An increasing number of marriages are breaking up after the couple’s kids have left home. With all the unique issues facing these long-term couples, they may not be focused on the effect this will have on their adult children. Some may be relieved they won’t need to deal with custody issues or child support and may assume the kids’ lives won’t be impacted much at all.
But—it is not that simple.
Family traditions and routines that have been the norm for many years and are solidly embedded in everyone’s memory will be significantly altered.
Big holidays, graduations, weddings, babies, vacations will all create new challenges and new traditions that everyone will need to get used to. Sure, they will never be exactly the same, they will look very different and feel very altered in many ways. But, different doesn’t necessarily mean worse or bad. Some events may actually be changed for the better. And as parents, we can only offer our children ways to accept the difference with as little disruption as possible.
There is a dizzying number of books and guidelines on how to handle young children during and after a divorce. There are specialists to walk you through every step from breaking the news to them to co-parenting them; how to handle holidays and how to decorate their new room. But a long-term married couple with adult kids? They are left to rely on their parenting instincts, at a time when those instincts are probably not their strongest.
Thankfully, other families have survived—and thrived—through this upheaval.

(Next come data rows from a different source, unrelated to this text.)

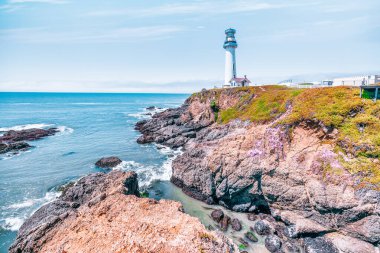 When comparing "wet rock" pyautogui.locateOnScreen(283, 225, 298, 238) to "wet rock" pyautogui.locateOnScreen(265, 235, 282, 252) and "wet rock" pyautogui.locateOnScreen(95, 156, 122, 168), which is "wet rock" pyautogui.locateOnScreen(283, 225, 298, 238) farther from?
"wet rock" pyautogui.locateOnScreen(95, 156, 122, 168)

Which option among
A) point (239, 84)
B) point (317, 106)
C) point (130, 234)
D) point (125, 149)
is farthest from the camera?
point (239, 84)

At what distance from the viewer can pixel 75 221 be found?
13148mm

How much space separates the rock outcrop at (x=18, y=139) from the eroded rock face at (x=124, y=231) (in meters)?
37.3

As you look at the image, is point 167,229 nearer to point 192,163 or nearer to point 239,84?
point 192,163

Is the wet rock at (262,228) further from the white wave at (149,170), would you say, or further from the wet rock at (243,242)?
the white wave at (149,170)

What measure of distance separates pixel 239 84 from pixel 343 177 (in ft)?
148

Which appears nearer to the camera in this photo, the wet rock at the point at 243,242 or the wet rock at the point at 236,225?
the wet rock at the point at 243,242

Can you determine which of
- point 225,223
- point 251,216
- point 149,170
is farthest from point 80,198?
point 251,216

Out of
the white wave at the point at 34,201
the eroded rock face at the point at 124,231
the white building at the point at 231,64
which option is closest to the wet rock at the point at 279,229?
the eroded rock face at the point at 124,231

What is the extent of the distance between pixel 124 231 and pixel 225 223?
11530mm

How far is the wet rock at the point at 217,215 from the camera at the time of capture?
21.1m

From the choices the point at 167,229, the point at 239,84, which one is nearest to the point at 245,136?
the point at 167,229

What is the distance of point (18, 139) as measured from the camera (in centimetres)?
5028

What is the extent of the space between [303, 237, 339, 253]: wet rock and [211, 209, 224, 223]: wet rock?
7003mm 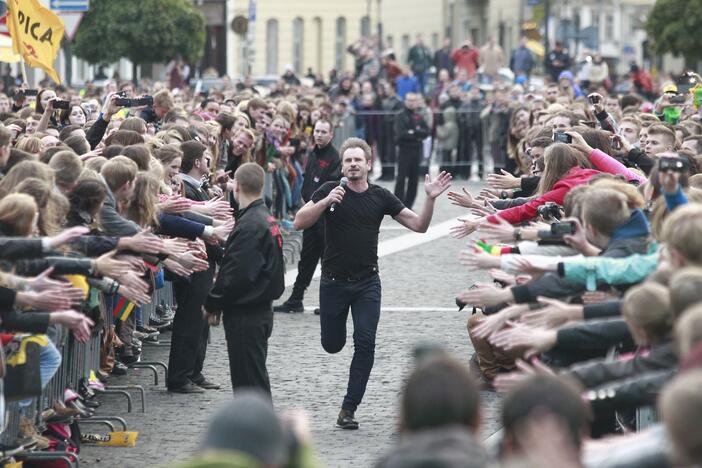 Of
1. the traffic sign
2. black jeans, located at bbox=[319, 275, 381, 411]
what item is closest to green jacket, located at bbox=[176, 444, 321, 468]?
black jeans, located at bbox=[319, 275, 381, 411]

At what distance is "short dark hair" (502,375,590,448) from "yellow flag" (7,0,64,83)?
583 inches

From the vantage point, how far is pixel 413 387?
19.0ft

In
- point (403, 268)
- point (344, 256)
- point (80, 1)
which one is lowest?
point (403, 268)

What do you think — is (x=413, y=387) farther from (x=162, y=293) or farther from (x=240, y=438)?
(x=162, y=293)

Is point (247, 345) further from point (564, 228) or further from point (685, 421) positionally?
point (685, 421)

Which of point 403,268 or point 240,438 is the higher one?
point 240,438

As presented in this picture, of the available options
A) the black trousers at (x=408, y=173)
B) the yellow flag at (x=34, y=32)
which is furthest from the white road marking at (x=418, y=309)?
the black trousers at (x=408, y=173)

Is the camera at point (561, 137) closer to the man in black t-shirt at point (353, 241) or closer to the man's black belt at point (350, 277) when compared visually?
the man in black t-shirt at point (353, 241)

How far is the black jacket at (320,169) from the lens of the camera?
59.4 feet

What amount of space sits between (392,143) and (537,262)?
2532 centimetres

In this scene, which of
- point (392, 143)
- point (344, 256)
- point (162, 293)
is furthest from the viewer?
point (392, 143)

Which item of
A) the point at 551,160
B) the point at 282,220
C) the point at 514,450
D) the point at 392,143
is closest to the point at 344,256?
the point at 551,160

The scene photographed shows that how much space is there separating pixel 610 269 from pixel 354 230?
3344 mm

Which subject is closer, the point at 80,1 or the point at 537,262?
the point at 537,262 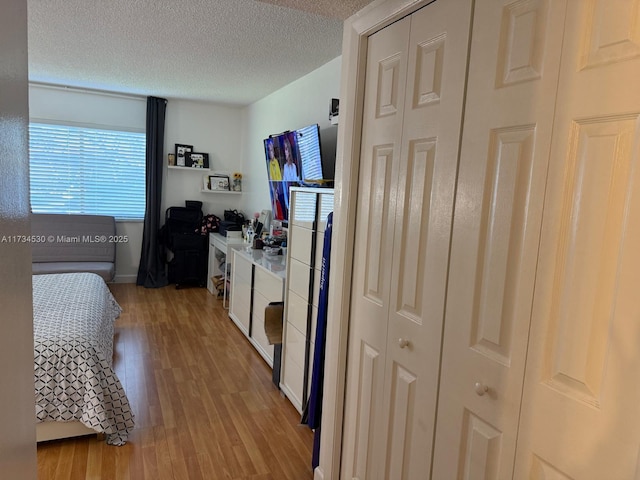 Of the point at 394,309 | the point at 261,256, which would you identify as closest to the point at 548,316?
the point at 394,309

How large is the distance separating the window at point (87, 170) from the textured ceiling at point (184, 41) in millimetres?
742

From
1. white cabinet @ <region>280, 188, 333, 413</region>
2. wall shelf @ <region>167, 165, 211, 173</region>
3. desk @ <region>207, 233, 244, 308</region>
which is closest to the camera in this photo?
white cabinet @ <region>280, 188, 333, 413</region>

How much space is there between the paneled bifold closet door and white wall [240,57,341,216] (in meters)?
2.15

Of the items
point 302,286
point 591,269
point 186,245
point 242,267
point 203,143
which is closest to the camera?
point 591,269

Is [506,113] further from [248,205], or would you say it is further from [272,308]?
[248,205]

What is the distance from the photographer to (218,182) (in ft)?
19.9

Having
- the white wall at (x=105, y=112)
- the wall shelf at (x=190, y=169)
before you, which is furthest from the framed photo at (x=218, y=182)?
the white wall at (x=105, y=112)

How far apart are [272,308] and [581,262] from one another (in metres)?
2.32

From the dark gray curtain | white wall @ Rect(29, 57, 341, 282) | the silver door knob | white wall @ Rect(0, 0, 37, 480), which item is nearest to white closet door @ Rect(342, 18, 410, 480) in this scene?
the silver door knob

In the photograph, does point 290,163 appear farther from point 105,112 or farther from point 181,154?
point 105,112

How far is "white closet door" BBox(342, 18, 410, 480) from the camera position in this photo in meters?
1.52

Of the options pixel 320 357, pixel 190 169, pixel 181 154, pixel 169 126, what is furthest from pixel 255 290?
pixel 169 126

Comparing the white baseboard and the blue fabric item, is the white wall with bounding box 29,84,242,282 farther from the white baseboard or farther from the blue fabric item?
the blue fabric item

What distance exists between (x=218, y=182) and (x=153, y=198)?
90 centimetres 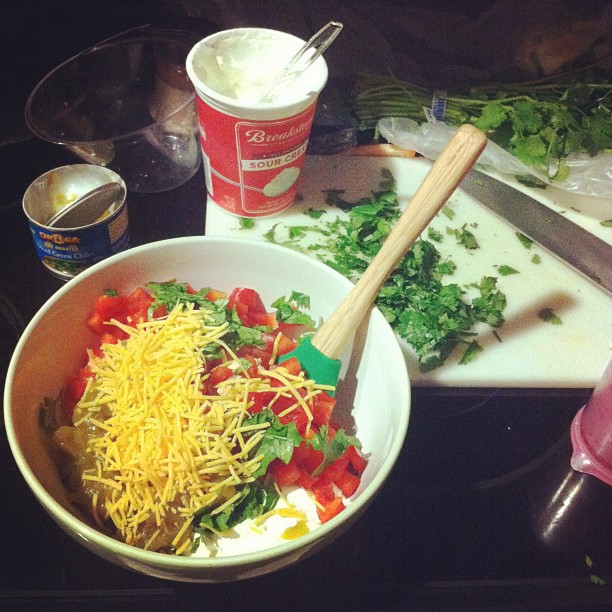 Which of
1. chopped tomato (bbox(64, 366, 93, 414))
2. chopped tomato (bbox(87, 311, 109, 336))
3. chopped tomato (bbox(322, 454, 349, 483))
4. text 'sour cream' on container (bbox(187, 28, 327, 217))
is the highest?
text 'sour cream' on container (bbox(187, 28, 327, 217))

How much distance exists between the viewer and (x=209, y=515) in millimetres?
687

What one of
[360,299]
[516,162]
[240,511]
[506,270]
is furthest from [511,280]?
[240,511]

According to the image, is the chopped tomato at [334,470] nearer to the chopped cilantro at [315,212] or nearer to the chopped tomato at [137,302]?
the chopped tomato at [137,302]

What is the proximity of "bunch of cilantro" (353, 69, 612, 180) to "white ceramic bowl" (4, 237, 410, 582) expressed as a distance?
0.52 metres

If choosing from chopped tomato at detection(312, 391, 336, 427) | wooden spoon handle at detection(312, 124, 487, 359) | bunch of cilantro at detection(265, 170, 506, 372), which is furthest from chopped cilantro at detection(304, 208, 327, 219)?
chopped tomato at detection(312, 391, 336, 427)

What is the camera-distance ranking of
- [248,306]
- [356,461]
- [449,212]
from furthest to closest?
[449,212] < [248,306] < [356,461]

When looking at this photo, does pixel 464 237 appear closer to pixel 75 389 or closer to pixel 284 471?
pixel 284 471

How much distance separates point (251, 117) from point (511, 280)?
20.2 inches

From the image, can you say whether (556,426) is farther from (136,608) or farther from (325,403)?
(136,608)

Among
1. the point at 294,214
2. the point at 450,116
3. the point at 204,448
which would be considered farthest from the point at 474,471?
the point at 450,116

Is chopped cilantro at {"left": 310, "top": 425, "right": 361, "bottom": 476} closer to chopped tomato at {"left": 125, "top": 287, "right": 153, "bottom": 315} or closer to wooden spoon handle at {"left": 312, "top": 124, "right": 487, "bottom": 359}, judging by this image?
wooden spoon handle at {"left": 312, "top": 124, "right": 487, "bottom": 359}

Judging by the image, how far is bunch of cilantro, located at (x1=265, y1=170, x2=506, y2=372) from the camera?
91 centimetres

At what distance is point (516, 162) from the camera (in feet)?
3.79

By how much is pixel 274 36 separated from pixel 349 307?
503mm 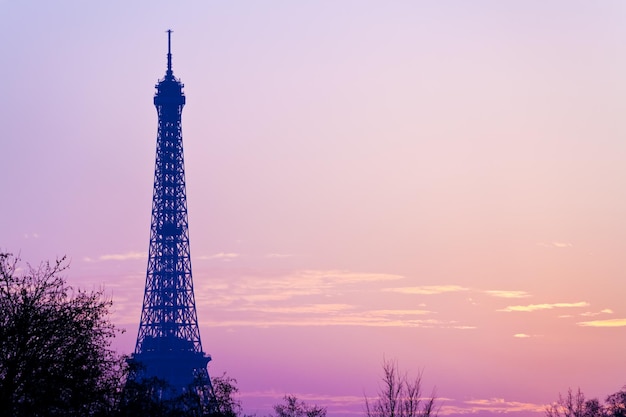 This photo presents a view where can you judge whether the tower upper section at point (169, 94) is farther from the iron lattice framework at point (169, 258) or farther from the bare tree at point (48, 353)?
the bare tree at point (48, 353)

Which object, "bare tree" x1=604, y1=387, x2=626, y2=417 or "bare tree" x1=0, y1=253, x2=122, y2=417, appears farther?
"bare tree" x1=604, y1=387, x2=626, y2=417

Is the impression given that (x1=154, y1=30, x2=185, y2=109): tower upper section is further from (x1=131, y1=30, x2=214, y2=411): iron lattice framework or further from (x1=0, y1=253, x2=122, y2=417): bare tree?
(x1=0, y1=253, x2=122, y2=417): bare tree

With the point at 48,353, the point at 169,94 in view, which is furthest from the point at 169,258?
the point at 48,353

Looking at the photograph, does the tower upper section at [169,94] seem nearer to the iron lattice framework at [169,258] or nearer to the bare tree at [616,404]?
the iron lattice framework at [169,258]

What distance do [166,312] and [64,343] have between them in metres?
100

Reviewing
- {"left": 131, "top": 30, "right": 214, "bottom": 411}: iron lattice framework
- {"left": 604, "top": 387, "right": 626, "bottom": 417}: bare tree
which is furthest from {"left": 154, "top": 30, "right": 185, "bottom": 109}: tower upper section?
{"left": 604, "top": 387, "right": 626, "bottom": 417}: bare tree

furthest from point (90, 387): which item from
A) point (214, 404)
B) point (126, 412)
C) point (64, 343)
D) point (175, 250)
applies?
point (175, 250)

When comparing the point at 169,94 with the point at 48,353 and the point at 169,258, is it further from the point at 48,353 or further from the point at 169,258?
the point at 48,353

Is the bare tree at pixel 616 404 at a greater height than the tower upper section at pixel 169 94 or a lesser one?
lesser

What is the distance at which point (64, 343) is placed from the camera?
144 ft

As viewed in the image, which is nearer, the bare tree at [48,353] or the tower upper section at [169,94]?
the bare tree at [48,353]

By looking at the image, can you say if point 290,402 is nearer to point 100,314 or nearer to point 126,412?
point 126,412

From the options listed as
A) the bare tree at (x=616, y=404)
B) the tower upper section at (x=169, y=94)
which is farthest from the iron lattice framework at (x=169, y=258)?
the bare tree at (x=616, y=404)

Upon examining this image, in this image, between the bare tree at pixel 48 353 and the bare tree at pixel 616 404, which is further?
the bare tree at pixel 616 404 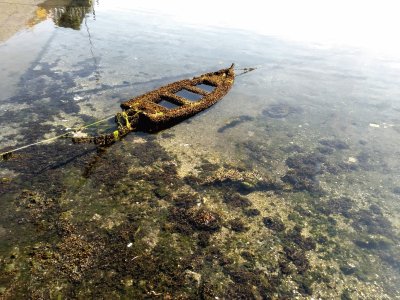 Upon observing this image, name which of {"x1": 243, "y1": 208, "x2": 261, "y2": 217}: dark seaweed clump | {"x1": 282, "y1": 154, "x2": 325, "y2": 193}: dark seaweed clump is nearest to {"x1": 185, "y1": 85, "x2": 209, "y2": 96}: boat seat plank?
{"x1": 282, "y1": 154, "x2": 325, "y2": 193}: dark seaweed clump

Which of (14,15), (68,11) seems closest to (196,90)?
(14,15)

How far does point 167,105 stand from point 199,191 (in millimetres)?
5594

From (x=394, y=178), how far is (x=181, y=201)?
8392 mm

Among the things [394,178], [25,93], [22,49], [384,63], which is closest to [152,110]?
[25,93]

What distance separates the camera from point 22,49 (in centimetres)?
1953

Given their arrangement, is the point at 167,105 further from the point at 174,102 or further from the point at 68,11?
the point at 68,11

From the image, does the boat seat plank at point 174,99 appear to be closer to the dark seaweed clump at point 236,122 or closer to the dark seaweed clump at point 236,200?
the dark seaweed clump at point 236,122

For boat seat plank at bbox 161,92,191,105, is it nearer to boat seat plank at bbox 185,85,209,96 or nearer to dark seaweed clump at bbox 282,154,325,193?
boat seat plank at bbox 185,85,209,96

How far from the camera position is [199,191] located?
10.2 metres

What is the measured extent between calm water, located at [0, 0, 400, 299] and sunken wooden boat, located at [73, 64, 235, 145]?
1.99ft

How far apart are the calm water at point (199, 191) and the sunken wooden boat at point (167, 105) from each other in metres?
0.61

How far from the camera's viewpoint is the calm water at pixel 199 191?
25.2 ft

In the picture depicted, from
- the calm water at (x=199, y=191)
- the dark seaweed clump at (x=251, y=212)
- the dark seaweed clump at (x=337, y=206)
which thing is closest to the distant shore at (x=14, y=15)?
the calm water at (x=199, y=191)

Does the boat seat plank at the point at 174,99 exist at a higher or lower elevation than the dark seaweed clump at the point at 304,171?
higher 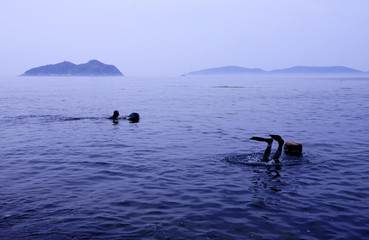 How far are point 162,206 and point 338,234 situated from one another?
17.7 ft

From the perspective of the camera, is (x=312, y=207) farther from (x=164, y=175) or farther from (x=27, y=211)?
(x=27, y=211)

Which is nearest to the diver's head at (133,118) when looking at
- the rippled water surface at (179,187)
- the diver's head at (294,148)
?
the rippled water surface at (179,187)

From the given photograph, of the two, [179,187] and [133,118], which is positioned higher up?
[133,118]

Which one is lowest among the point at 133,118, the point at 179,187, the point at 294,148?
the point at 179,187

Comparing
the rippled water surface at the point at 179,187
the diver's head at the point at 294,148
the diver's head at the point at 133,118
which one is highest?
the diver's head at the point at 294,148

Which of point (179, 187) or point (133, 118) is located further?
point (133, 118)

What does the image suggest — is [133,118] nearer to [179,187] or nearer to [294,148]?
[294,148]

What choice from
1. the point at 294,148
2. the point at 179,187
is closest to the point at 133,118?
the point at 294,148

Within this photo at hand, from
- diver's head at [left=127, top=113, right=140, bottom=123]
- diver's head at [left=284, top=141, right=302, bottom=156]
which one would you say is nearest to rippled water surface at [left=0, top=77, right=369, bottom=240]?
diver's head at [left=284, top=141, right=302, bottom=156]

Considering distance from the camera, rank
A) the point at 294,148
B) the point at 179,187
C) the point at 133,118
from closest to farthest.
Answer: the point at 179,187, the point at 294,148, the point at 133,118

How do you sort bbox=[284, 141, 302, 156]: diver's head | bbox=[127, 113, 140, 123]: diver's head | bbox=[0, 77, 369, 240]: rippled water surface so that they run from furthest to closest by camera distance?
bbox=[127, 113, 140, 123]: diver's head < bbox=[284, 141, 302, 156]: diver's head < bbox=[0, 77, 369, 240]: rippled water surface

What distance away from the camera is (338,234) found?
9.13 meters

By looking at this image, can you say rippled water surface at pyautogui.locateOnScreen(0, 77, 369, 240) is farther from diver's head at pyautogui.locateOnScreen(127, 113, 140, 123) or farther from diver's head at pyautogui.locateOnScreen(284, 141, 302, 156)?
diver's head at pyautogui.locateOnScreen(127, 113, 140, 123)

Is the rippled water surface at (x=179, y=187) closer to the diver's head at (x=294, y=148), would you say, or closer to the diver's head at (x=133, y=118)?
the diver's head at (x=294, y=148)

Here, from first-hand experiences, are some basic tips to help during this time:
1. Be mindful in telling adult children about the separation. Make a plan; don’t assume they won’t be surprised, or are too involved in their own lives or families to be concerned. More than likely, they will need time to process. If possible, deliver the news together and in person. This will allow them to see that you are both “okay” and on the same page. Don’t set any expectations for these conversations. They may go well, or your child may not accept this new situation easily; each child in your family may have a different reaction.
2. Make it easy for your kids to communicate with both of you. It can be annoying for your kids to adjust to having two full conversations about everything they want to share. Think about it—sometimes its’s a challenge for our kids to take the time to tell us anything—to have to do that twice? Offer them the option to “group text” or conference call both of you. Both parents will hear the news at the same time, and each can decide to follow up with the group, or the child separately. This will take a burden off of the kids. Use group communications to discuss expenses and permission requests so everyone is on the same page.
3. Resist demeaning or denigrating your ex to your kids. This may actually be more difficult when our kids are grown. We sometimes think of our adult kids more like friends than our children, but we don’t want to suggest that there are sides to be taken or share parts of our divorce story that are private. Call a friend, get a coach, see a therapist. Keep your kids out of this part of your healing process.
4. Recognize that your children will now be sharing their time between their parents. College breaks and holidays will automatically be more stressful for them as they attempt to be fair with their time. Your responsibility is to praise their efforts and be as flexible as possible. Resist keeping a scorecard. Also, if you are the parent that has moved out of their childhood home, be prepared that they will probably feel more comfortable back at that home rather than in your new home. Be understanding and give them time—even if it hurts a little!
5. Make big events as drama-free as possible. Life – and graduations, engagements, weddings, and babies—goes on after your divorce. Don’t miss out on important events in their lives because you are “uncomfortable” to be in the presence of your ex. These events are not about you or your ex—they are about your kids. Your kids will continue to make memories for themselves and their own families, and you will want to be a part of those and remembered as the loving parent that you have always been. If you need to avoid your ex at these, do that. But don’t make that something your kids need to deal with.
6. Realize that you may be asking your adult children to take on more serious roles. Ex-spouses will have to re-execute wills, powers of attorney and medical documents when they divorce. You may ask your adult children to sign these documents. You also might want them to attend doctor’s appointments with you, and help you make medical decisions. These are major decisions and responsibilities that are difficult to ask of our children. Give them time to deal with these asks; it could feel like a lot to them. Some kids will naturally adjust to these roles; other kids may need to think about them and research their new obligations.
7. Be thoughtful in how you introduce a new person into your grown family. For younger kids there is all sorts of guidance for this one – how, when and where—even scripts. There is not a lot of information about how to do this when our kids are adults. So, like a lot of this, we need to use common sense. Think about your timing and your tone. Understand that regardless of how obvious this may seem to us, this is huge news to our adult kids. Their big life events will now involve someone who hasn’t been there to share their journey. This might take some getting used to. Adult children may feel more protective of their other parent, and may feel awkward inviting one or both parents to events. Introducing the new person thoughtfully can help ease the way for these future events. Again—it’s not only about you.
And really, that is the theme. You and your ex are not divorcing in a vacuum. We have created and nurtured our family unit for decades. We have intertwined all of our lives so that what is felt by one member is felt by all. And now we—as parents—are choosing, unilaterally, to change that. Our kids have grown into this unit, and now have no say in its future. This can be traumatic.
If we are mindful of this, and are thoughtful in our words and actions, we can help ourselves and our kids—even our “grown and flown” kids—handle this transition with grace and dignity.